The other numeral system most known to people today is the Roman numeral system. They too used letters for numbers. The numeral conversion with our numerals today looked like this:
- I – 1
- V – 5
- X – 10
- L – 50
- C – 100
- M – 1000
Roman numerals do not use a place-value system. Instead, they write down their numbers from biggest to smallest. Let’s look at an example: 1998, which in Roman numerals we would write MCMXCVIII
We start with M. This stands for 1000. C follows it. Now, this could mean 1100 (1000 + 100). However, there is another M after the C. Because M is larger than C but comes after it, that says the C is working with the second M, rather than the first. (Yes it is a bit confusing!) So the C (100) is subtracted from the M (1000). So far then we have 1000 + 900 (1000-100).
We now move onto the next number, which is X. We could add X to 1900 we have so far. However, we need to look to the next numeral first. It is C, larger than X, so we have to subtract the X from C rather than add it to the MCM. 100 – 10 = 90, so the XC stands for 90. We now have 1990.
Next, we come to the V, which stands for 5. There are no larger numbers after it (they are I’s, 1s). So we add the V and the Is together (5 + 3 1s = 8). Thus you have 1000 + 900 + 90 + 8 = 1998. Quite a bit of work for what is only four numbers in our system!
Fortunately for us, we do not still use the Roman numeral system in common practice today. We use the Hindu system, which gets transmitted to us through the Arabic world of the Middle Ages.
It is uncertain when precisely Hindu numerals first came to the Islamic world of the Middle Ages. The Brahmasphutasiddhanta mentioned above came to Baghdad in the year 776 CE, and was presented before the current Caliph al-Mansur.
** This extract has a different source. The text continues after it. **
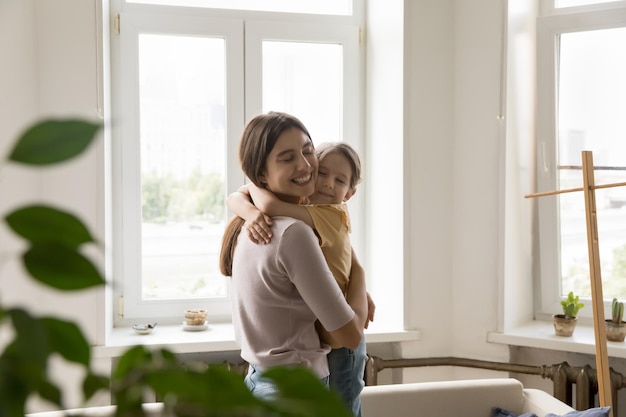 loving young mother hug cute little daughter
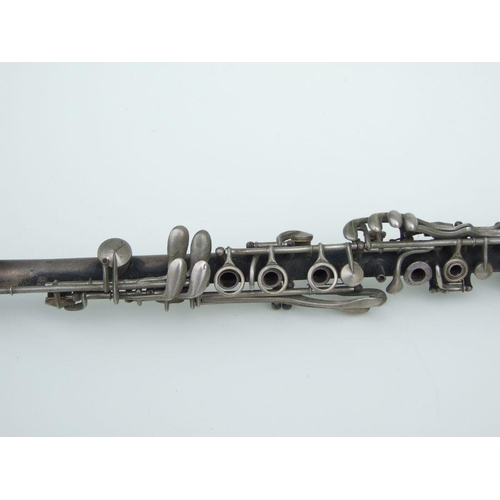 170 - An early 20th century Cleveland Musical Instrument Co. silver plated clarinet, 55cms long (missing m...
This book then gets translated into Arabic
Two Muslim mathematicians contributed significantly to the use of Indian numerals: al-Khwarizmi of Persia and al-Kindi, both of whom worked in the first half of the 9th century CE.
Like the Hindus before them, Arabic mathematicians began to change the numerals as well as people use them over time. Before the development of the printing press, everything written had to be written by hand, and thus there was no universal uniformity. Scholars working far apart over long periods of time would eventually change the numerals even unknowingly but directly through a change of handwriting.
Use of Indian numerals in the Muslim world was limited primarily to mathematicians, however. Muslim scientists and astronomers generally used the older Babylonian system of numerals. It was in fact still in use until modern times in the Arabic world. Merchants also used a different numeral system, similar to that of the Greeks and Hebrews.
Arabic Numerals Come to Europe
The use of Arabic numerals in Europe is because of the Italian mathematician Fibonacci. In 1202 he published a book called Liber Acci, which taught Arabic numerals and Algebra and strongly advocated the use of Arabic numerals in society.
Before the time of Fibonacci, the primary numeral system used in Europe was the Roman system discussed above. Acceptance of the Arabic numerals pushed by Fibonacci took time to come, however. In fact, even today the Roman numeral system is still used, primarily in copyright dates for books and movies. This practice has been dying out, however, since it is so much easier to write, for example, 1998 than it is to write MCMXCVIII.
Use of the Hindu-Arabic numerals is now the standard number system throughout the world. With the development of the printing press in the 16th century, the digits have become standardised, and this has only increased with the growth of computers. Our numeral system will be with us for a long time, and it is unlikely that we will be seeing changes any time soon.